Et il sauta de son âne.
Mais Ulenſpiegel l’arrêtant :
— Cette fillette, dit-il, n’eſt point ta femme. Nous sommes près d’un camp d’Égyptiens. Garde-toi. Vois-tu la fumée derrière les arbres ? Entends-tu les aboiements des chiens ? Tiens, en voici quelques-uns qui nous regardent, prêts à mordre peut-être. Cachons-nous mieux dans le fourré.
— Je ne me cacherai point, dit Lamme ; cette femme eſt mienne, flamande comme nous.
— Fol aveugle, dit Ulenſpiegel.
— Aveugle, non ! Je la vois danſer, demi-nue, riant & agaçant ce grand chien. Elle fait mine de ne pas nous voir. Mais elle nous voit, je te l’aſſure. Thyl, Thyl ! voilà le chien qui se jette sur elle & la renverſe pour avoir le drapeau rouge. Et elle tombe en jetant un cri plaintif.

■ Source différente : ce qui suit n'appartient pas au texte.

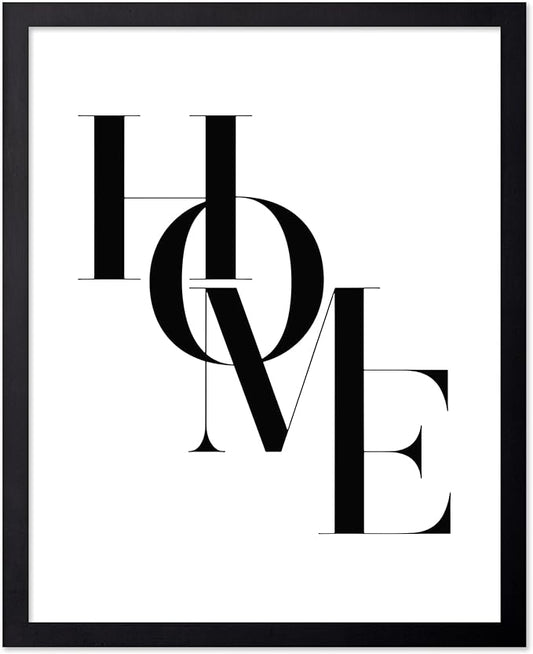 Poster Master Vintage Unique Poster - Retro Minimalist Print - Home, Letters, Typography, Black and White, Simple - Gift for Artist, Friend - Wall Decor for Living Room, Dorm, 8x10 Black Framed
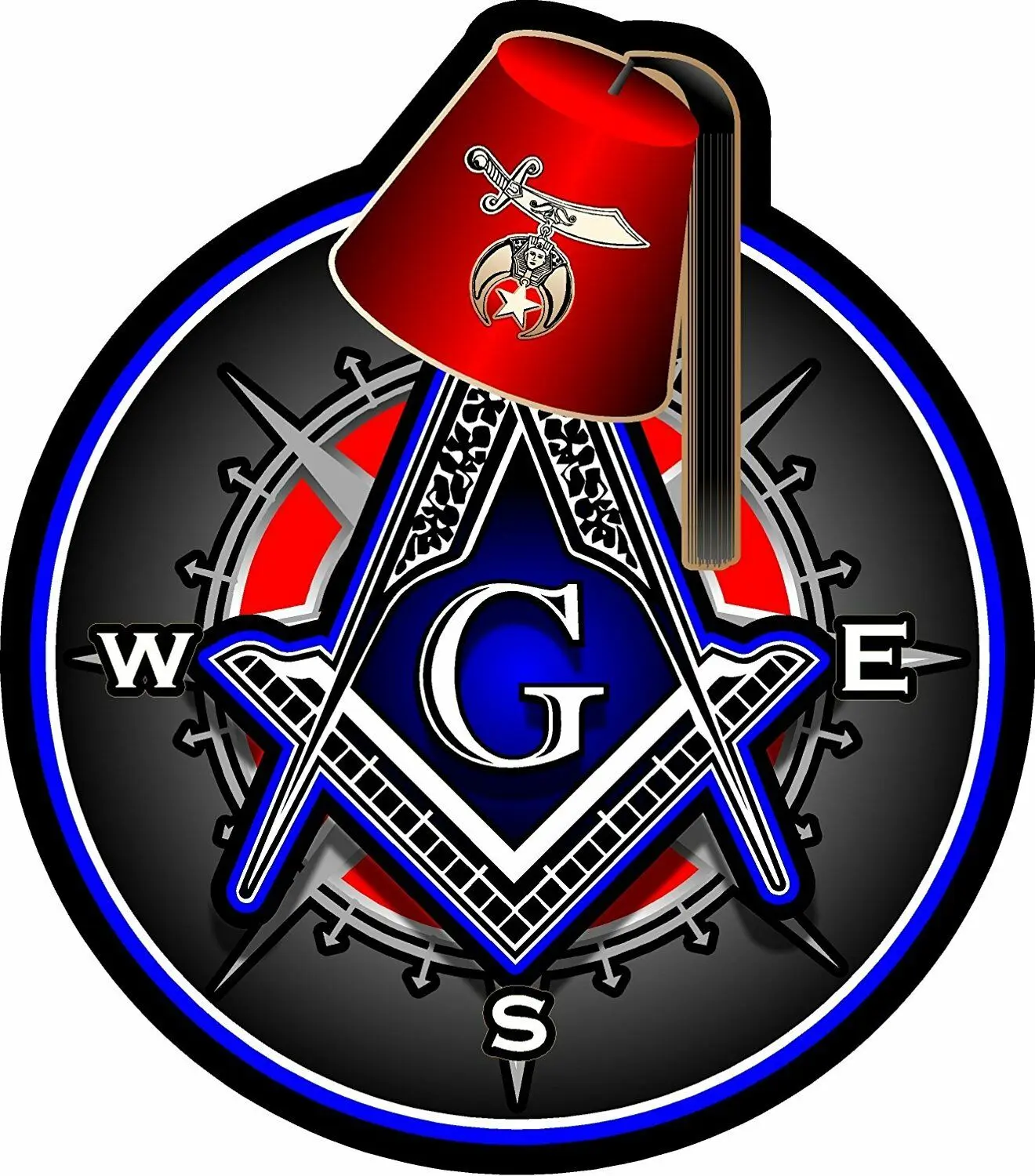 

ProSticker 118 (One) 4" Masonic Shriner Compass Square Fez Decal Sticker Lodge PVC Sticker Decal for Motos Car Laptop Luggage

Et Lamme tout soudain s’élança vers elle, lui diſant :
— Ma femme, ma femme ! Où t’es-tu fait mal, mignonne ? Pourquoi ris-tu aux éclats ? Tes yeux sont hagards.
Et il l’embraſſait, la careſſait & dit :
— Cette marque de beauté que tu avais sous le sein gauche. Je ne la vois point. Où eſt-elle ? Tu n’eſt point ma femme. Grand Dieu du ciel !
Et elle ne ceſſait de rire.
Soudain Ulenſpiegel cria :
— Garde-toi, Lamme.
Et Lamme, se retournant, vit devant lui un grand moricaud d’Égyptien, de maigre trogne, brun comme peper-koek, qui eſt pain d’épices au pays de France.
Lamme ramaſſa son épieu, & se mettant en défenſe, il cria :
— À la reſcouſſe, Ulenſpiegel !
Ulenſpiegel était là avec sa bonne épée.
L’Égyptien lui dit en haut-allemand :
— Gibt mi ghelt, ein Richsthaler auf tsein. (donne-moi de l’argent, un rickſdaelder ou dix).
— Vois, dit Ulenſpiegel, la fillette s’en va riant aux éclats & se retournant sans ceſſe, pour demander qu’on la suivît.
— Gibt mi ghelt, dit l’homme. Paye tes amours. Nous sommes pauvres & ne te voulons nul mal.
Lamme lui donna un carolus.
— Quel métier fais-tu ? dit Ulenſpiegel.